Two Views

ashokThe cartoon section of today’s Times of India newspaper showed everyone’s favorite mischief maker, Dennis “the Menace” Mitchell facing the corner in punishment for his misdeeds. His protest captioned underneath, “Rules shouldn’t be so easy to break”.

I am reminded of an idea expressed by the late humorist Terry Pratchett, that there are two ways of looking after people. The first is to look at what people should be like and then create a system of rules, rewards and punishments so that they conform to that ideal. The other is to accept them as they are along with all their faults and then try to achieve the common good despite everyone’s fault.

An outstanding example of the first category is emperor Ashoka, the Mauryan ruler who in 263BC converted to Buddhism and tried to enforce a Buddhist ideal throughout India. Ashoka’s edicts were put up all over the empire exhorting people to give up all forms of violence. It is recorded that hunters stopped hunting and fishermen stopped fishing. One wonders whether this actually happened and if so, what did these people do afterwards for their livelihood.
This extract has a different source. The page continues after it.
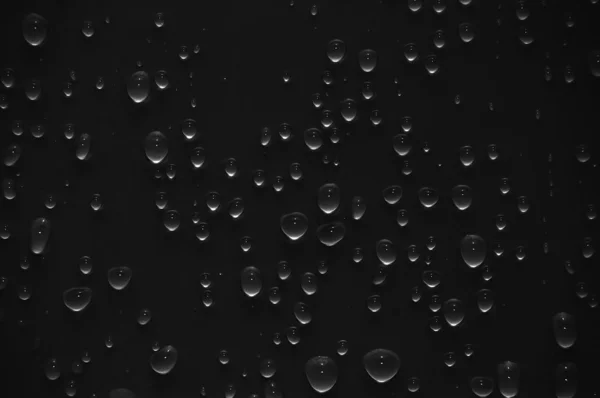 在玻璃上的水滴。雨滴 — 图库照片
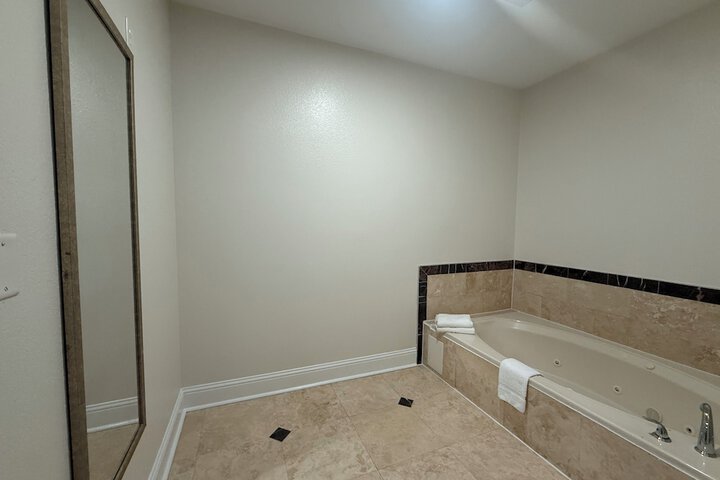 Jetted tub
Stone carving believed to depict Ashoka

At the other extreme, the Duke of Wellington is said to have remarked that his soldiers were the ‘scum of the Earth’ and his strategy always took into account that fact. Also, consider Adam Smith’s idea of an ‘invisible hand’. In a capitalist system, farmers grow wheat and bakers bake bread only for their own profit but the whole society benefits. In contrast, models where people are made to work altruistically for the benefit of ‘society and the state’ have achieved some success in small and medium sized communities but have proved notoriously inefficient when tried on a large scale.

My own opinion is that a nuanced approach is needed. To force people is to provoke a backlash. Human nature is notoriously difficult to control. The Spartans were famous for the military discipline that pervaded their society. Yet it is said that once a Spartan was free from his discipline, he could descend lower than anyone.

In another example, writer Aatish Taseer went to theocratic Iran where a state sponsored moral police enforces their version of Islamic ideals. He met a woman who had repeatedly braved police harassment and arrest for her right to ‘have a party’ and enjoy a good time with her friends. There were two things that struck him, first that this was a very brave woman who had sacrificed much for her ideals. Secondly, the ideals for which she had made these sacrifices seemed so trivial and superficial when seen from the outside world. There was something wrong with a system that enforced such terror over trifles.

Another Iranian complaint ran thus, ‘earlier the government was irreligious though the people were religious, now the government is religious and the people have become irreligious’,

At the same time, people do change though often slowly and even over generations. Social morals have certainly evolved. Recently I re-watched some of the old TV programs I enjoyed in childhood. I was surprised by the amount of racial stereotyping and casual sexism that were taken for granted just one generation ago. So much behavior back in the 80s would be considered rude and unacceptable today. Some of this is due to awareness, but there is has also been a lot of push from the top with rules prohibiting some of the most egregious forms of discrimination.

Steven Pinker in his book, The Better Angels of our Nature showed how over centuries, violence and murder on a per-capita basis has declined. Consider, little over a hundred years ago, European statesmen took seriously the ideas of the ennobling spiritual benefits of war and the white man’s burden. While nuclear weapons may have restrained the great powers, smaller wars and pogroms are often stopped through international pressure.

In India, those places where the post-independence land reforms were most vigorously and ruthlessly applied developed the most socially and economically. A lassies fair system that did not attempt large scale societal reform would have doomed the nation into a semi-feudal dichotomy.

To go either way completely is risky, judgement is needed to achieve balance.